Beautiful trilliums!


----------



## NYEric (May 15, 2011)

Thanx for sharing.


----------



## Dido (May 16, 2011)

Nice pict thanks for share. 
Waiting for the update. 
On the first pict, is that the fungus who belongs to the slippers you see byside??

Do you have Arientum growing in your area and maybe have a little pollen for me to spare.


----------



## JeanLux (May 16, 2011)

Good place Charles!!!! Keep the pics coming  !!! Jean


----------



## etex (May 16, 2011)

Awesome walk in the woods- thanks for showing us a peak!! Can't wait to see more!


----------



## NYEric (May 16, 2011)

Dido said:


> Nice pict thanks for share.
> Do you have Arientum growing in your area and maybe have a little pollen for me to spare.



I think they grow further West. Minnesota, etc.


----------



## Dido (May 16, 2011)

NYEric said:


> I think they grow further West. Minnesota, etc.



I was told that they grow in ontario so it is close I was thinking. :evil:

Oh well still searching for that pollen. Like to try it for Hybrids. And I would like to store it, because plectrochilum is a realy arly bloomer here.


----------



## NYEric (May 16, 2011)

I plan on a trip up there (CNY) in a few weeks; if they're there we'll get you some!


----------



## Dido (May 16, 2011)

NYEric said:


> I plan on a trip up there (CNY) in a few weeks; if they're there we'll get you some!



This would be absolute great.


----------



## yijiawang (May 16, 2011)

Thank you for the pictures, good photo!


----------



## cnycharles (May 16, 2011)

ram's head orchids and pollen is endangered and protected, so none could be available

just to try and explain, I think that people who are trying to conserve cypripedium arietinum have to jump through hoops just to send pollen, plants or such between states in the u.s. because of its endangered status. I think a few vendors have tried to grow it, but not completely successfully as I haven't seen it offered for sale. it isn't very common in new york state and the only places I've seen it were on protected land, never on someone's property. if you were looking for cyp acaule pubescens or other common cyp species there wouldn't be a problem, but I would never want to take a chance with something as rare as ram's head; besided the legal issues I would rather try and pollinate flowers I see and spread the seed around an extant site (which is also illegal I think unless you own the land or found a place to purchase a plant and have successfully flowered it) to get more of it to grow. I think like eric says, places like minnesota and nearby canada have many more of them, but they still are not common even in that area


----------



## cnycharles (May 17, 2011)

*the rest of the adirondack flower/plant pics*

there were lots of flowers, ferns and other things around the fen where the yellow ladyslippers were and the mossy wetland up in the adirondacks. here are a few more of the pictures I took but all were taken quickly as I was on the move (not much time available anymore outside of work (sigh))

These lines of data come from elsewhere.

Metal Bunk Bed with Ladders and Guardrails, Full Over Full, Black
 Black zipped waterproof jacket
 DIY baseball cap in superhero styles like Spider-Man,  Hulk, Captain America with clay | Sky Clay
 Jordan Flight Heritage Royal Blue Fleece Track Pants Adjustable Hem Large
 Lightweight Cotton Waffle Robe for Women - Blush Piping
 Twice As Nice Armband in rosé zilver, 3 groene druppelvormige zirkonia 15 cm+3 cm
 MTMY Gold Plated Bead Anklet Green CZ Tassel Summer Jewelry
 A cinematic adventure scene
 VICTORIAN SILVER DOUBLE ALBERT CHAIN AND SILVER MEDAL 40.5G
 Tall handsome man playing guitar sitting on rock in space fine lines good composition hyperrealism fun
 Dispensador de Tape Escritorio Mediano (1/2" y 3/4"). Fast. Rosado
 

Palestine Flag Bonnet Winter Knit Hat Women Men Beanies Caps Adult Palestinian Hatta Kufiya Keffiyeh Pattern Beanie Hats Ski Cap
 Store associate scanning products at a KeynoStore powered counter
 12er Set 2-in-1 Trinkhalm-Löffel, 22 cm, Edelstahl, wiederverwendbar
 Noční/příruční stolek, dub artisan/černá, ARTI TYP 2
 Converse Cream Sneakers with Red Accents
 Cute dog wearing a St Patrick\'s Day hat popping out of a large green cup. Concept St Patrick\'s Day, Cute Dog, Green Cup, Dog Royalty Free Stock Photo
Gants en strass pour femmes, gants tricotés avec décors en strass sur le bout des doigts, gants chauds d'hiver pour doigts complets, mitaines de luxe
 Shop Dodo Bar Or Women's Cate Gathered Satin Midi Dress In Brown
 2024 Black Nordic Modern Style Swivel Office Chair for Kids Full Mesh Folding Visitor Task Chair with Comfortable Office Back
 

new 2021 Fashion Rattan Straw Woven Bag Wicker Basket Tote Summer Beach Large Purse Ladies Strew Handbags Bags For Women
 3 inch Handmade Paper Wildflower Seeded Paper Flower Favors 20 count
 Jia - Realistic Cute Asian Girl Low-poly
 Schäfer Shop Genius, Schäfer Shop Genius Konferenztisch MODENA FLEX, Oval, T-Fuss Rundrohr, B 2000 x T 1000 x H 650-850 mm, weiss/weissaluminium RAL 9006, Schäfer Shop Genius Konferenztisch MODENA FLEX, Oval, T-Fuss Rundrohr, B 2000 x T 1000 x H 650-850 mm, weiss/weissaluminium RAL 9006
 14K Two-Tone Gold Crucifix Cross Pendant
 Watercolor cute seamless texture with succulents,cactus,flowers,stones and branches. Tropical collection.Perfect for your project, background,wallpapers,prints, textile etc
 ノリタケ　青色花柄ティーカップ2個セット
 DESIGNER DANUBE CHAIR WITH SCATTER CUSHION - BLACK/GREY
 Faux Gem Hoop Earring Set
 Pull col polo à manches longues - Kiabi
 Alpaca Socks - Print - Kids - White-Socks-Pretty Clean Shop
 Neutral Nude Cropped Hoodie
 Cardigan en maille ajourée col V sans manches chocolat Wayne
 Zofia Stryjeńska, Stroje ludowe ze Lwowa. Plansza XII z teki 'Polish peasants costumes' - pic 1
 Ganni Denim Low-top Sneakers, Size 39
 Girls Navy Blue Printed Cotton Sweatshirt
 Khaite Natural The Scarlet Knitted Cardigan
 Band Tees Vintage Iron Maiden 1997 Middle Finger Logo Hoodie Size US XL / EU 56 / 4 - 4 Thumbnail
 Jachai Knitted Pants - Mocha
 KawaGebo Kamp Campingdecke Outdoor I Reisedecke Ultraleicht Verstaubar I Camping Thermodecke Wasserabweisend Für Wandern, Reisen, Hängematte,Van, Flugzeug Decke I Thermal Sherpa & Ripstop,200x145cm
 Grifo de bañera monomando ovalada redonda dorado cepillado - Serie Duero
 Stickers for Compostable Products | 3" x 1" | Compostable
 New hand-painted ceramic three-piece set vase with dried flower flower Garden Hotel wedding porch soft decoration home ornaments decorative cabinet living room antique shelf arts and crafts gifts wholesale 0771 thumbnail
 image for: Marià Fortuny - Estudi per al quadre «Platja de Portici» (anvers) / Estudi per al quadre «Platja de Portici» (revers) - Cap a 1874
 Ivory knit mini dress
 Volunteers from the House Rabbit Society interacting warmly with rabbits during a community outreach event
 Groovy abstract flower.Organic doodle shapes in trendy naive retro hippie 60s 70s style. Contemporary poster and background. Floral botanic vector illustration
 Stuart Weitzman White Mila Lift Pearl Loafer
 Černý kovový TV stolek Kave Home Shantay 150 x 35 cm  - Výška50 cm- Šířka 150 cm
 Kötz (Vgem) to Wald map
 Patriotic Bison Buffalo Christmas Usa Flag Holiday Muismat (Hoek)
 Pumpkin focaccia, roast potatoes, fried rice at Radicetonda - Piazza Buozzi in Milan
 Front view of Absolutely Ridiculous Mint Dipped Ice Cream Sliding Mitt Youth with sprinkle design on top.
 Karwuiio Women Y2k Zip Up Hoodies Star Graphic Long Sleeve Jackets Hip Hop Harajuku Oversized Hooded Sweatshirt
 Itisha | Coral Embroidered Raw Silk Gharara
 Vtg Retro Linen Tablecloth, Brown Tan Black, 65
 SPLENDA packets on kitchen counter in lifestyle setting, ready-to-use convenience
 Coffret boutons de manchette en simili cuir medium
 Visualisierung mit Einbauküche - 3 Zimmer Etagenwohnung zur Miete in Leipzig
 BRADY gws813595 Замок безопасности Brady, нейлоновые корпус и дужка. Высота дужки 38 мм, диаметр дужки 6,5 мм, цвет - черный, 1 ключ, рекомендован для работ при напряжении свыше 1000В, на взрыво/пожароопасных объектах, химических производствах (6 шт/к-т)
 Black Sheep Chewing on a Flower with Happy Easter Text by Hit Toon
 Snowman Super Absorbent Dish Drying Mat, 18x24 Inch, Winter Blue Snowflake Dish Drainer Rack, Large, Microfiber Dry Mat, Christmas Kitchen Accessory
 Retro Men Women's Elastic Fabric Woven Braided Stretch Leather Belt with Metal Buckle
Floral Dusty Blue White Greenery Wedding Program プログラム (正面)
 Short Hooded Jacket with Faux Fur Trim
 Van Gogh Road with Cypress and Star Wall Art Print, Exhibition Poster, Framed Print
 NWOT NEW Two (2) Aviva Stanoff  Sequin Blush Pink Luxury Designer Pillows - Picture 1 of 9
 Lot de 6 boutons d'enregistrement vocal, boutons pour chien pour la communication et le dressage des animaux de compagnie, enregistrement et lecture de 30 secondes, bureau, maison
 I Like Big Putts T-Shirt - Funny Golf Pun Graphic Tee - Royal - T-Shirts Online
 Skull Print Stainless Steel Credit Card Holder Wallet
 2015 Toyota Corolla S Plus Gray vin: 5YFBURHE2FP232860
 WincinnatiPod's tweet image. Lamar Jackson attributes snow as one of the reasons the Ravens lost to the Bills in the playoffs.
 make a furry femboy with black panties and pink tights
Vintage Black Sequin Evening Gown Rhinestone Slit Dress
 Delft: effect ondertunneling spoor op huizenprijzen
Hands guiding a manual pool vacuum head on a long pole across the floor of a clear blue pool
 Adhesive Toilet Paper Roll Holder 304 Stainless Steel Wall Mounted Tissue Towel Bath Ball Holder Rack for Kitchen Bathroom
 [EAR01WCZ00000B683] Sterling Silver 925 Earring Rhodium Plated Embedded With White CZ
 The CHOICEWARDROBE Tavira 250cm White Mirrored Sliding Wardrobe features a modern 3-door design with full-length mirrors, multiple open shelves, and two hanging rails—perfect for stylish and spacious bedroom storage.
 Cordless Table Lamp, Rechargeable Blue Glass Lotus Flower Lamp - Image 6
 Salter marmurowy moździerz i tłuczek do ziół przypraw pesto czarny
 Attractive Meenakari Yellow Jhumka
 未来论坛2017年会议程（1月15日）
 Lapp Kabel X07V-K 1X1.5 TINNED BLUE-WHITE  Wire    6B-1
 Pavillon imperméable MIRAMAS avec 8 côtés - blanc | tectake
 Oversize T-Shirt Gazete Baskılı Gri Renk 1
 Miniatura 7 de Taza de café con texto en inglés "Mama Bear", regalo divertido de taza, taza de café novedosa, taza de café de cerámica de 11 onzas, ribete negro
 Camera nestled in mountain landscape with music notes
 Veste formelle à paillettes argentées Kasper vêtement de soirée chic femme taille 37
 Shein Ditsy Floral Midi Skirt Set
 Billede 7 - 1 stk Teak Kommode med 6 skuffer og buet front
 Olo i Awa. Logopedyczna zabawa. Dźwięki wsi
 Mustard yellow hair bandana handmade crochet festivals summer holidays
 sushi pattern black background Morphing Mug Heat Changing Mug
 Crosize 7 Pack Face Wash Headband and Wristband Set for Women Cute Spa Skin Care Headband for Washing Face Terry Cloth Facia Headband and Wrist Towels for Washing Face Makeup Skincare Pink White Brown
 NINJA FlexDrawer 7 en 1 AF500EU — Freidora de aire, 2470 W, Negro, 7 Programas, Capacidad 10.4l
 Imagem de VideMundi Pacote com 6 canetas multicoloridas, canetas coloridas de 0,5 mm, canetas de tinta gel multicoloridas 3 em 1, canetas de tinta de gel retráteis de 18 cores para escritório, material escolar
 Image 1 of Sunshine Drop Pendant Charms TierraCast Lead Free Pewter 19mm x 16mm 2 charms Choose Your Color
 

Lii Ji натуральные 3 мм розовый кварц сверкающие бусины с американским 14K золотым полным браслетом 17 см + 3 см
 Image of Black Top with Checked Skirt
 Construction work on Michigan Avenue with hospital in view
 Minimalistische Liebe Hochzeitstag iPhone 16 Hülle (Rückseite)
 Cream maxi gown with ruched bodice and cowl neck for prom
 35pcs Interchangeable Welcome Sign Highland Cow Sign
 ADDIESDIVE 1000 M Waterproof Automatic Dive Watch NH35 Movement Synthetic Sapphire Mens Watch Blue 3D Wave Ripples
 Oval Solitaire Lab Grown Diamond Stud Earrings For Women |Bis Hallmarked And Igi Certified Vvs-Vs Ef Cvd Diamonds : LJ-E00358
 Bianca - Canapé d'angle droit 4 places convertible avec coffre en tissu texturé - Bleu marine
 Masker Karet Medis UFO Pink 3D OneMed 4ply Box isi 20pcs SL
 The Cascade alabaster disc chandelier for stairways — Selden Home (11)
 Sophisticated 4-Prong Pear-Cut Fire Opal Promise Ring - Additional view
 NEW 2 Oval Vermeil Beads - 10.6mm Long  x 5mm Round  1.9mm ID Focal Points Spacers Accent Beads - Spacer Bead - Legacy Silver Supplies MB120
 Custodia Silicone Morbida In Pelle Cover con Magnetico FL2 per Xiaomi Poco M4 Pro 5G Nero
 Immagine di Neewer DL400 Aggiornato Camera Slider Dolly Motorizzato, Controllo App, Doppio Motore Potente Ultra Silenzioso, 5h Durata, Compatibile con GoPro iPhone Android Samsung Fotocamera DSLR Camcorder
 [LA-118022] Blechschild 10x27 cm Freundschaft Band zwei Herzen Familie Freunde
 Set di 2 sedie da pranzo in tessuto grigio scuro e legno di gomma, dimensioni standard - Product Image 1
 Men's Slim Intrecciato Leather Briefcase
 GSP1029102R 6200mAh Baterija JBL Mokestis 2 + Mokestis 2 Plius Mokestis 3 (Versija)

some of these are common, but if you know what some of these are (besides the red trillium) please chime in and let us know what they are





i'm not sure what these next two pictures are of, except maybe some sort of horsetail or relative?










a fern, but does anyone know which kind?





red trillium, i've heard that they aren't nice smelling though I've never checked them out





colony of white flowering shrubs; I might have a close-up pic later here





I think these are called toad lily. they are closed because of the cloudy weather and being early evening





a friend took pics of these last year, but could not identify them. anyone?





are these emerging pink ladyslippers? the buds and leaves seemed quite smooth to me, but maybe they get fuzzier after emerging a bit. I was surprised to not see obvious pink ladyslippers around when I stopped by as they usually are in flower before memorial day, but things may be a bit delayed this year





this is a small shot of the mossy wetland where the padleaf orchids and others grow up north. in a few week, the pink ladyslippers will be open and soon after a nice colony of early coralroot will emerge and flower  . only problem is that by the time that these flowers emerge, so will the local population of mosquitos!


----------



## NYEric (May 17, 2011)

Your mosquitoes are big, slow, and loud = easy to kill. I didn't have much problem last time I was up there. NYC mosquitoes are totally nasty and invisible!


----------



## cnycharles (May 17, 2011)

NYEric said:


> Your mosquitoes are big, slow, and loud = easy to kill. I didn't have much problem last time I was up there. NYC mosquitoes are totally nasty and invisible!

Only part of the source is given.